Sei stato anche nel carcere femminile di Herat...
«Quello, insieme con l’aeroporto costruito sempre dagli italiani, era un fiore all’occhiello di Herat. Un segnale che lo sviluppo e la tutela dei diritti era possibile anche lì. Le detenute, giovani donne che per lo più avevano ammazzato il marito che le vessava, erano in celle aperte e svolgevano diverse attività come la produzione dei famosi tappeti afghani o la creazione di bigiotteria, oltre a corsi di inglese, di estetista, di cucina. C’era un’area gioco per i bambini che potevano stare con le mamme. Tutto questo grazie al materiale arrivato dall’Italia e al cambiamento della precedente direzione, corrotta anch’essa. I soldati italiani visitavano quasi quotidianamente il carcere, guidato da un generale, e si informavano di tutto. Le guardie, tutte donne, avevano soltanto il velo così come le detenute. Avevano un’aria da dure le guardie, con volti scuri e segnati, ma di fronte a una macchina fotografica compariva un gran sorriso».

La ripresa di forza da parte dei Talebani porterà a una recrudescenza del terrorismo a livello globale?
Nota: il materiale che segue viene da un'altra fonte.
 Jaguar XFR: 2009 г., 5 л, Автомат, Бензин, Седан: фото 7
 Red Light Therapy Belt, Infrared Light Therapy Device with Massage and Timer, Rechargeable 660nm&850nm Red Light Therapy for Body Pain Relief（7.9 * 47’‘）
«Difficile prevederlo. L’abbandono dell’Occidente e la mancanza di programmazione degli Usa e della Nato potranno magari far ritenere ai gruppi fondamentalisti radicali che quelli che sembravano invincibili si possono invece battere. Forse è mancato anche l’uso di quella che il generale Fabrizio Castagnetti chiamava “italian way”, cioè la grande capacità di rispetto e di dialogo dei soldati italiani. L’Italia ha fatto il proprio dovere, per quanto le competeva, e lo dimostrano i 54 soldati caduti e gli oltre 700 feriti. Non dimentichiamo, poi, che anche Piacenza ha dato un tributo di sangue per cercare di rendere più umana, migliore e giusta la vita in quei luoghi, con il maresciallo dei pontieri Daniele Paladini ucciso in un attentato».